他心頭壓著的陰翳像是能被這一句應允給吹散,哪怕他連陳安道是不是真心實意的都不知道。
假的也沒關係,楊心問想,師兄手把手教會了他對待毫無防備的符修的手段。
打暈了帶走也是種辦法。而且這不能怪他,是師兄言而無信的錯。
山間積水路滑,可楊心問的腳步卻越發輕快,他的靈脈里慢慢地又聚起了靈力,開始與那躁動不安的魔氣相持。
行至山峰底,楊心問正在猶豫是取道雨淩峰,經過百藤索道去霧淩峰,還是直接往霧淩峰走,卻聽一道清亮的少年音自天際傳來:
「好極好極!終於見到人了!」
他們同時抬頭,便見一弟子在他們頭頂御劍而下。
那人瞧著二十有餘的年紀,一身弟子服漿洗得發白,腰封上按規制應有的玉石不翼而飛,還隱約有破洞。渾身上下除了腰間的木牌外沒有任何佩飾,連劍鞘上都不見花紋,頭髮梳得規整,只一素色的發冠端立在頭頂。

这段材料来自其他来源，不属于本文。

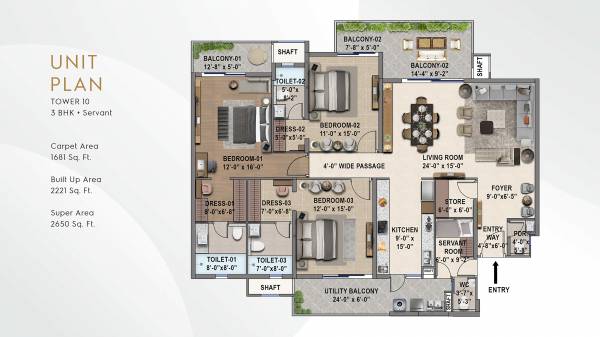 Floor Plan belgravia Floor Plan Floor Plan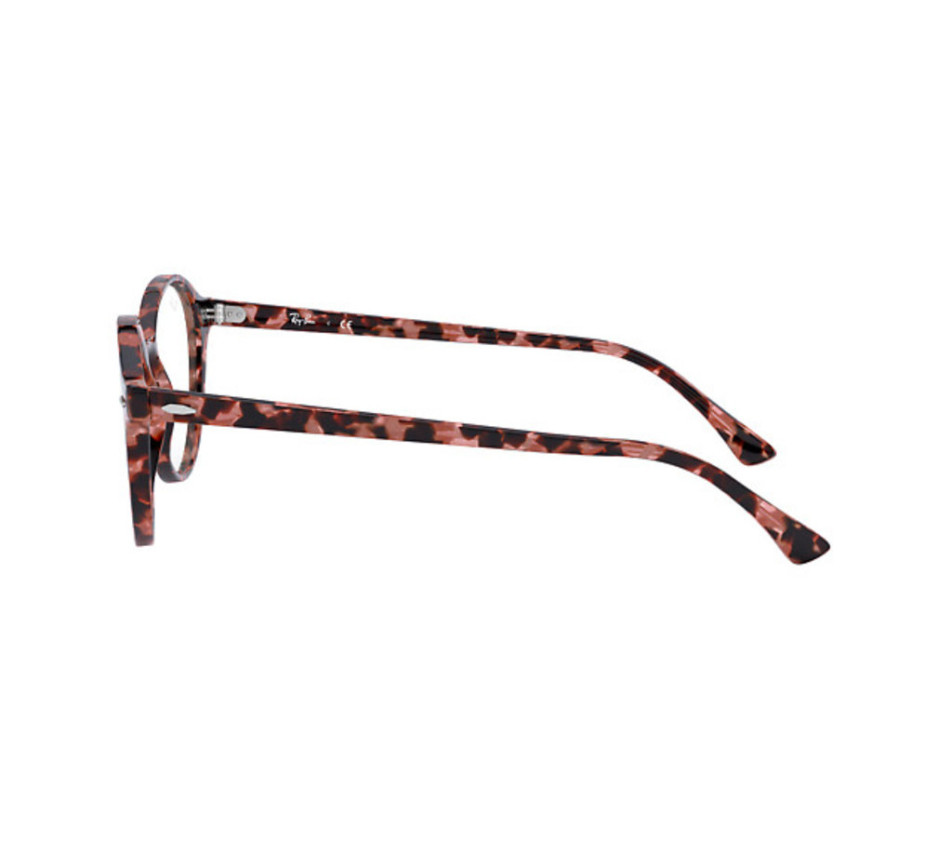 Brillen RAY-BAN RX7118 8064 48/19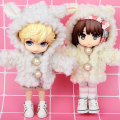Miniatyrbild 4 av 10: Mode Doll Shorts Doll Jeans 24 24 24
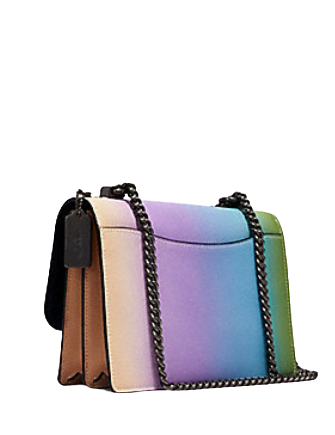 Coach Klare Crossbody With Ombre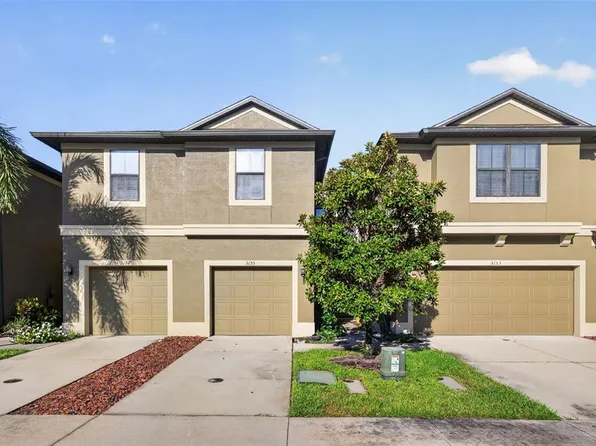 5155 BAY ISLE CIRCLE, CLEARWATER, FL 33760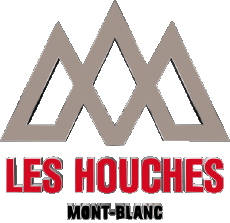 Sportivo Stazioni - Sciistiche Francia Alta Savoia Les Houches 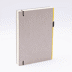 Picture of Notebook PURIST GREY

楊心問對「素雅」的品鑑,僅限於瞧著素但貴得驚人的玩意兒,眼前這弟子在他看來,只是純粹的寒酸。
他一邊心裡罵人寒酸,一邊急退兩步,不敢叫人輕易近身。
倒是他身後的陳安道認出來了,輕道:「是玄枵長老的弟子,夏時。」
這名字楊心問隱約有些印象,再細看夏時那窮酸樣,楊心問想起來了。那日天矩宮大鬧一場,莊才遣來向他致歉的就是這人,帶了十幾個靈石來結果吃了他的閉門羹。

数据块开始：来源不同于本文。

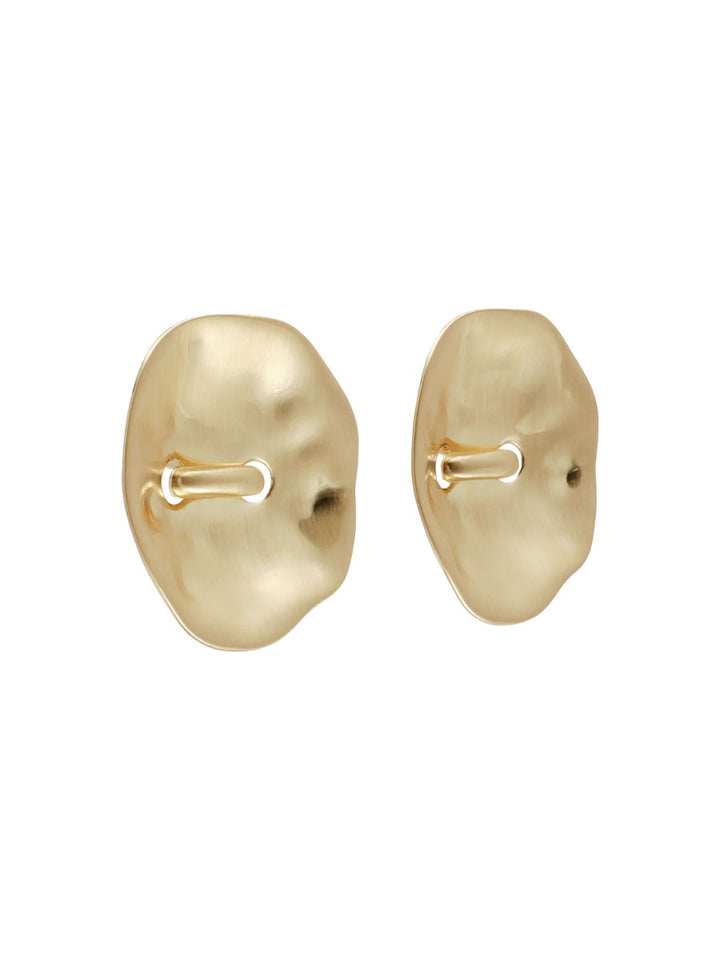 Cult Gaia Earrings - Gold | 1f9e370bb8d6ba62afd7b9f96fe0059aebf853c9
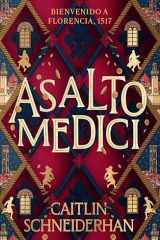 Asalto Medici cover image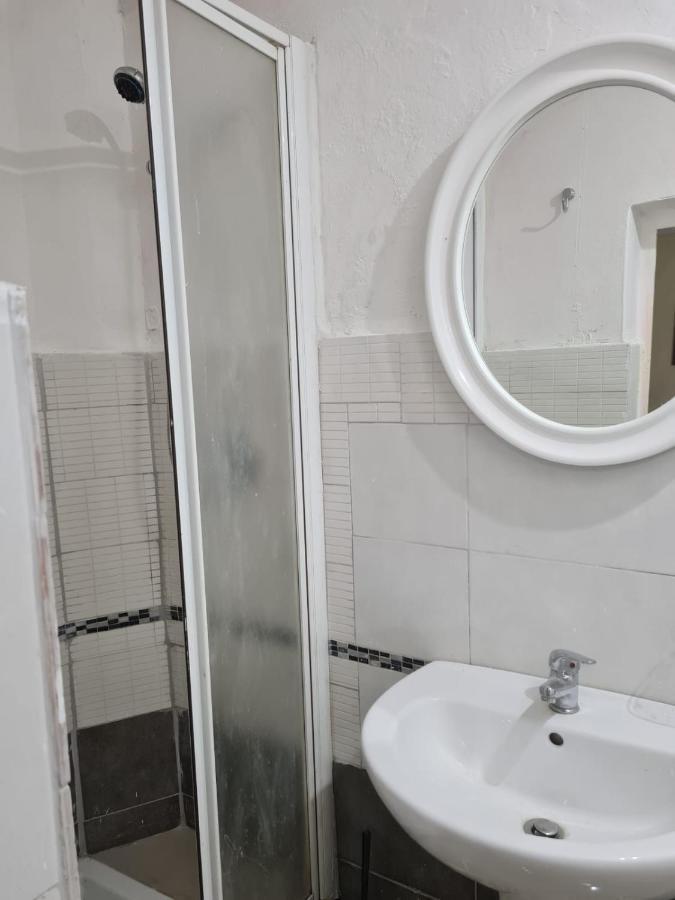 La Casa Di Emanuela Hotel Caltavuturo Екстериор снимка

「姚垣慕說玄枵長老叛了。」楊心問抽劍出來,眉間剛壓下去的煞氣又再度浮現,「這人是敵非友。」
眼下他靈脈之中兩力相衝,一旦遇敵,便是不受控地開始在他體內亂竄。
陳安道似有所感,開口道:「凝神,默口訣。」
清心咒楊心問早就背得滾瓜爛熟,可眼下他們兩人一個行動不便一個靈脈空虛,若來者不善,那除了他這一身的魔氣,他們還能仰仗什麼與人相鬥?
「聽話。」
耳邊的聲音沒了方才那隱約的溫柔,而是陳安道慣常的沉靜。
楊心問最恨的就是這沉靜,一旦陳安道用這種語氣與他說話了,那便不是商量,而是命令。
遲早有一天他也要來下這樣的命令,楊心問心想,他總有一天要對陳安道說一句「聽話」。
見楊心問亮了劍,夏時驚恐道:「二、二位師弟這是何意啊?」
他方才便覺得這兩人形容有些詭異,向來極重整潔的陳安道身上沾著血,還穿著陳家的家主袍,而那楊心問披頭散髮,只穿著件紅衫。

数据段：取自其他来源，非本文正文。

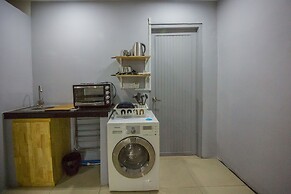 The Artist Residence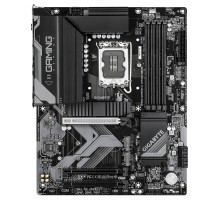 Материнська плата GIGABYTE B760 GAMING X WIFI6E GEN5 (B760 G X WF6E GEN5)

這紅衫乍一眼沒瞧出來,仔細看著才發現是被血給染得均勻又透徹,腳上不著鞋履,眼下抽劍相對,頗有瘋癲之相。
夏時略微一頓,手伸向腰間,卻不是拿劍,而是把自己的腰牌舉了起來道:「二位……我是同門弟子啊!陳師弟,我們一同品過茶的!楊師弟,我給你送過禮的!雖然你沒收……」
楊心問皺了眉,一時分不清這人究竟是裝傻。還是真的對現狀一無所知。
「夏師兄,你為何會在山上?」陳安道拍了拍楊心問的肩,示意把他放下來。
楊心問依言照做,這回倒是把烏木杖老老實實還了回去。
不僅把烏木杖還了,還很是同門情深地攙著陳安道另一邊手,伺候宮裡的娘娘也不過這般周道了。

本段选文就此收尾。